Slowly but surely, my routine turned on me too. Like an exotic growth in my belly, my intuition became stronger and that tiny gut feeling started to grow bigger: I hated my job, but I loved the money. Nobody wants to say it. I know I didn’t. The job itself was perfectly fine for someone else, but I was tired of doing the same thing every day that was unrelated to my serious career interests. A part of me wanted to be loyal and stick with it, be satisfied for once because I was following the rules like the rest of working-class society. But regardless of my willingness to comply, I couldn’t escape the likelihood that a tragic financial ending was about to take place.
Two weeks before my 27th birthday, my employer dumped me. In a series of unfortunate events regarding the whereabouts of a wrongfully sold table, I received a mouthful of troubling accusations from my boss and the abrupt conclusion that it would be best for me never to return to his store again. I didn’t even care to follow up on the destination of the missing table. My lack of interest and my relief of losing this job hit me in a way I hadn’t expected. I was free! And the table (for the lack of being reclaimed) was free too!
The interesting part of this story, not involving the table, is this: my gut knew in advance what was going to happen. Heck, my gut knew that the table was going to be part of the reason for my termination! Instead of listening to that uncomfortable feeling telling me to exit with grace, I let the primitive part of my brain convince me to stay simply because it was what I thought I needed. But just like that, my job vanished and I was left with the unflattering reality that I had been brutally dumped by an employer (again). I would also have to avoid the north side of Queen West for an entire year, which can be tough, especially if you’re headed there for brunch on Sunday.

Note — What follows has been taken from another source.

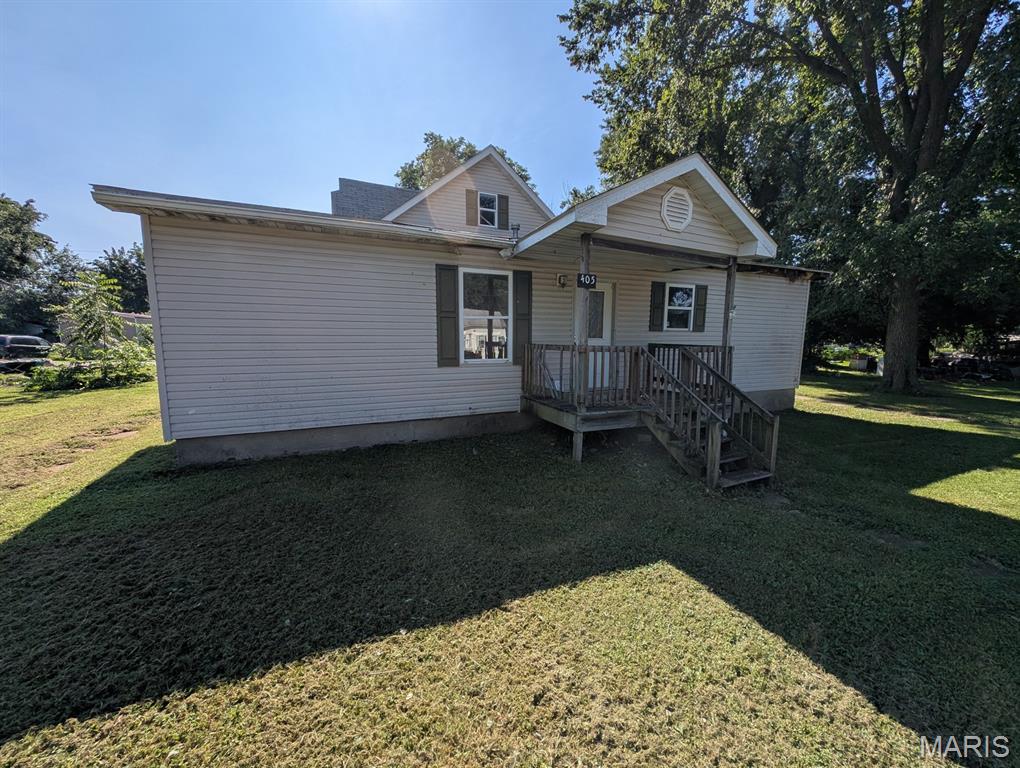 Homes for sale in Pocahontas, IL | 405 Academy St, Pocahontas, IL 62275 | MLS# MIS26044642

I felt like a huge degenerate. Getting dumped by an employer is worse than getting dumped by a partner because you immediately feel the stinging pain coming from your pockets and the likelihood of your reputation burning in flames. It was a shock to my system, and the emotional trauma gave me chills as I debated what course of action I might take to repair the damage to my ego and find the strength to forget about the table and my ex-employer. I was, in retrospect, a loser. But even as a loser, I believed in myself like I would an underdog boxer, and my determination was stronger after defeat.
I had spent too much time comparing myself to peers and convincing myself that change was my enemy. Getting fired was the best thing that could have happened to me because it forced me to see that change isn’t so bad after all.

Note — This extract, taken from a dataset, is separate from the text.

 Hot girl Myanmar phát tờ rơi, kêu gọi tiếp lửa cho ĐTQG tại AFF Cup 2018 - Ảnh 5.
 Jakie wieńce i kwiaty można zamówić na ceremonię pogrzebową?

I didn’t cease to exist post-termination. I spent a lot of time fighting with myself over whether or not I’m a good, capable and smart person, and then I rebounded. I reclaimed what power I had left and challenged myself to find the positive side to a really ugly situation: my boss did me a favour by making a hard decision for me. My rational brain had been in direct competition with the feeling in my stomach that was trying to persuade me to do the right thing. I should have been brave and listened to it months ago, but I ignored it.
Mistakes are necessary and without them, we wouldn’t be the people we are today, so it’s better to let yourself make the necessary mistakes to get to the place you’re meant to go. In the words of the clever Jonas Jonasson in The 100-Year-Old Man Who Climbed Out of the Window, “Things are what they are and whatever will be, will be.”